WHAT YOU NEED TO DO: Make an exact copy of all the data, pictures excluded.

COLLECTED MATERIAL:
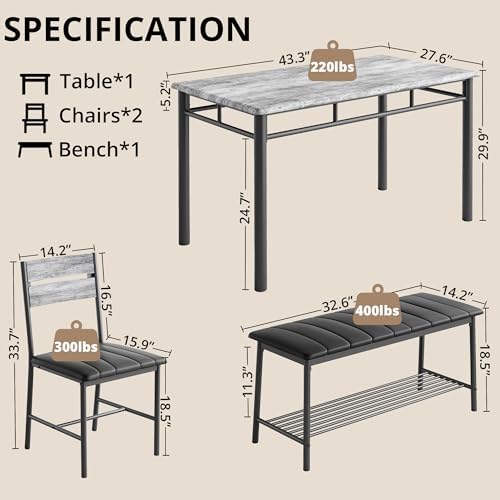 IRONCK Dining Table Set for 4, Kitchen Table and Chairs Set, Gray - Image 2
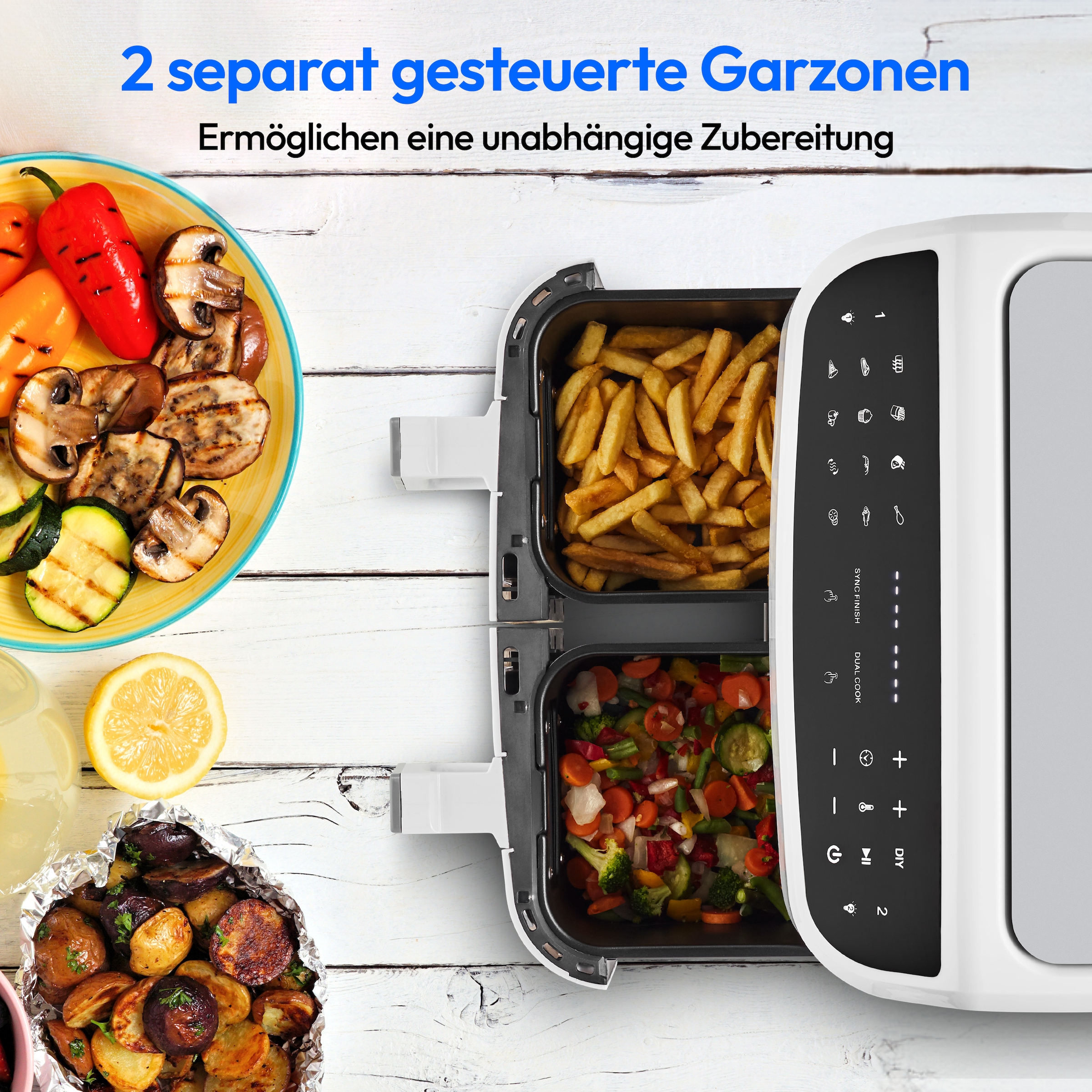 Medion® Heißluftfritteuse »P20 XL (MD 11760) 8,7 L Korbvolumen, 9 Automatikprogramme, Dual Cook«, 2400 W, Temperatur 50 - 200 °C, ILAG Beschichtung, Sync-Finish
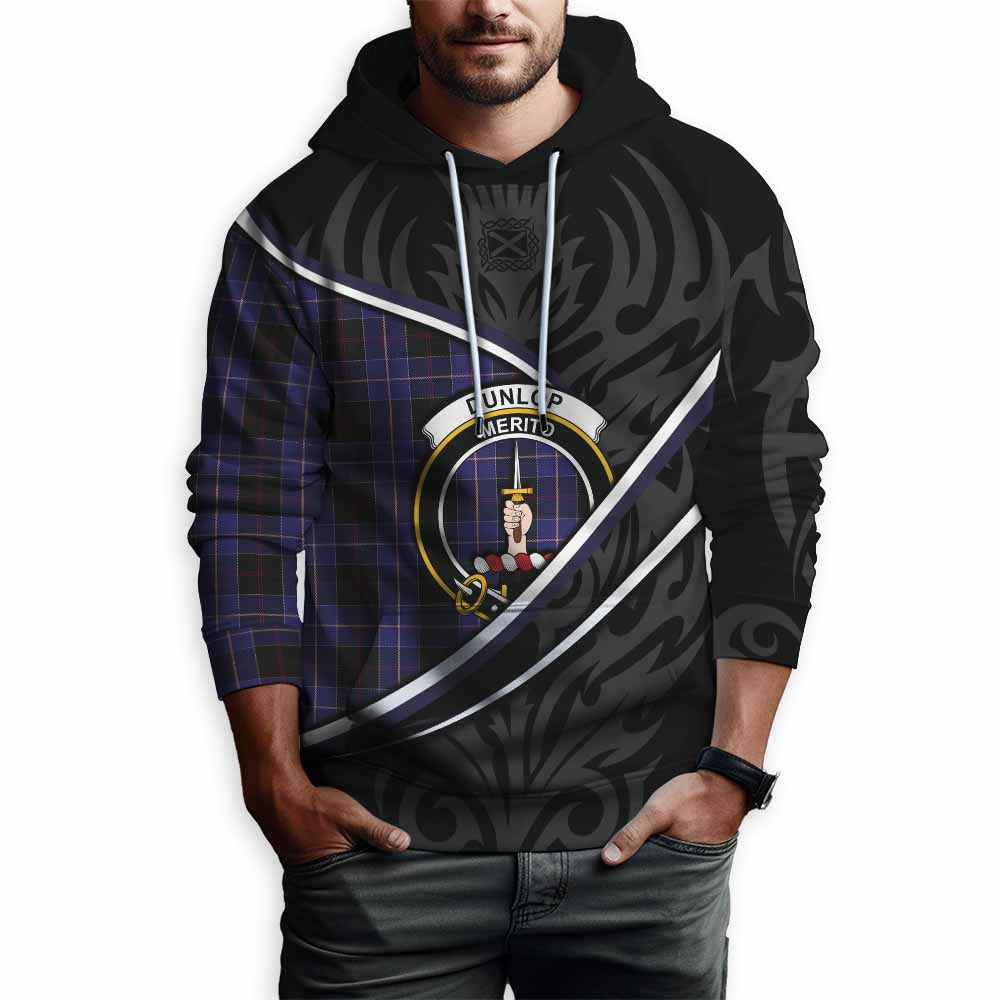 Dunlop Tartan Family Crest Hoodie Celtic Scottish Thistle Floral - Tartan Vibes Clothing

SOLUTION FOR THIS TASK:
 IRONCK Dining Table Set for 4, Kitchen Table and Chairs Set, Gray - Image 2
 Medion® Heißluftfritteuse »P20 XL (MD 11760) 8,7 L Korbvolumen, 9 Automatikprogramme, Dual Cook«, 2400 W, Temperatur 50 - 200 °C, ILAG Beschichtung, Sync-Finish
 Dunlop Tartan Family Crest Hoodie Celtic Scottish Thistle Floral - Tartan Vibes Clothing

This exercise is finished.